Desperation Bingo

Heather Marshall and Susan Marshall
Creative Electric
The Biscuit Factory

Desperation Bingo

Some of the most vulnerable people in the country are on disability benefits or the newer Personal Independence Payments (PIP) which since 2012 have been replacing Disability Living Allowance.

These benefits now involve very stressful assessments that critics have argued are unfairly disqualifying people from benefits at an alarming rate.

Between 2011 and 2014, thousands have died after having their benefits stopped, and this is something that has increasingly been blamed on the government.

These are the kinds of things the audience hears about from one of the contestants in a surreal form of bingo taking place in the play Desperation Bingo at the Biscuit Factory.

Chanel O’Connor as the “glamorous assistant” welcomes us to the show and checks we are familiar with the game of bingo.

The flamboyant host (Nicholas Alban) arrives to tell us there is to be an unusual variation on the game. Three contestants will compete with each other to be the first when a number is called to describe something they have spent money on equivalent to that number.

The cash prize to the winner will be just over £82 which just happens to coincide with the weekly amount payable as benefit to those with a disability.

What the contestants say they spend on each call of the bingo number reminds us how little would have been covered by the meagre benefit entitlement.

In a final scene, the winning contestant (Rosalind McAndrew) tells us of the real people who killed themselves after their payments were stopped. She also gives us a worrying account of the way her own mother was treated.

This is an imaginative, interactive show with confident, committed actors.

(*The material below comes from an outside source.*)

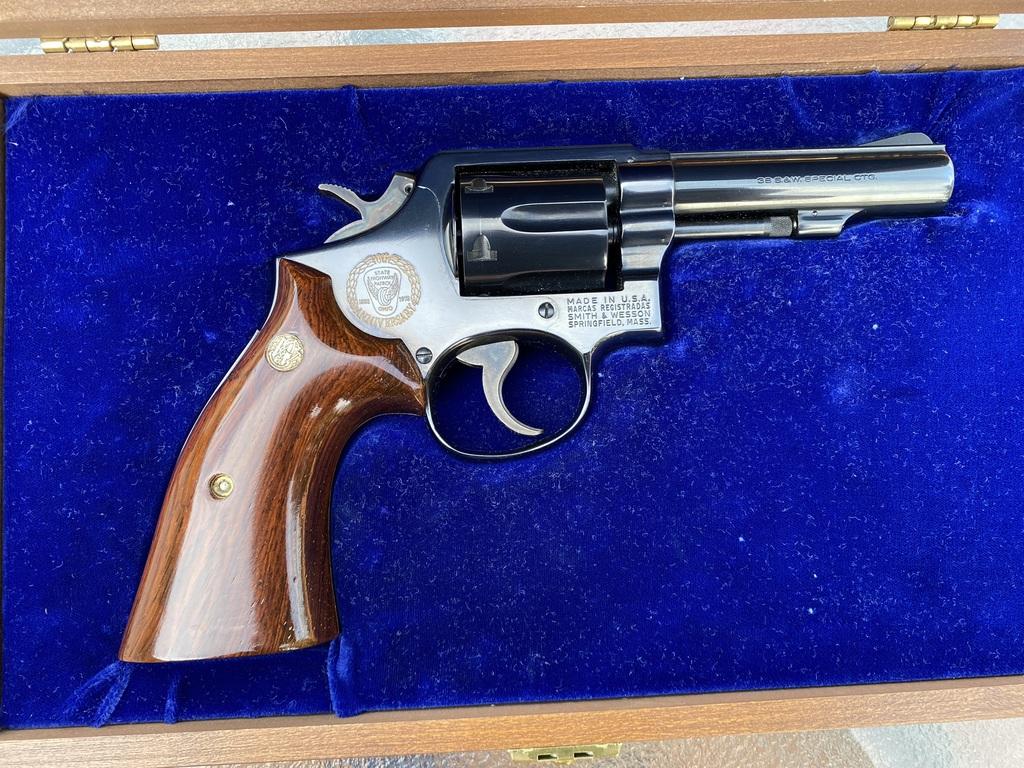 38 Smith & Wesson 40th Anniversary Ohio State Patrol Revolver in Presentation Case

However I found the actual bingo game of crossing off numbers distracted from what was being said. The performance also seemed very hurried and, in the final scene, the microphone distortions didn’t help concentration.

The passionate speech that ended the piece had an impact on some in the audience who were nodding at the idea of charging Ian Duncan Smith with corporate manslaughter but I did feel a less busy focus on the political and dramatic heart of the piece may have made for a more successful and satisfying experience.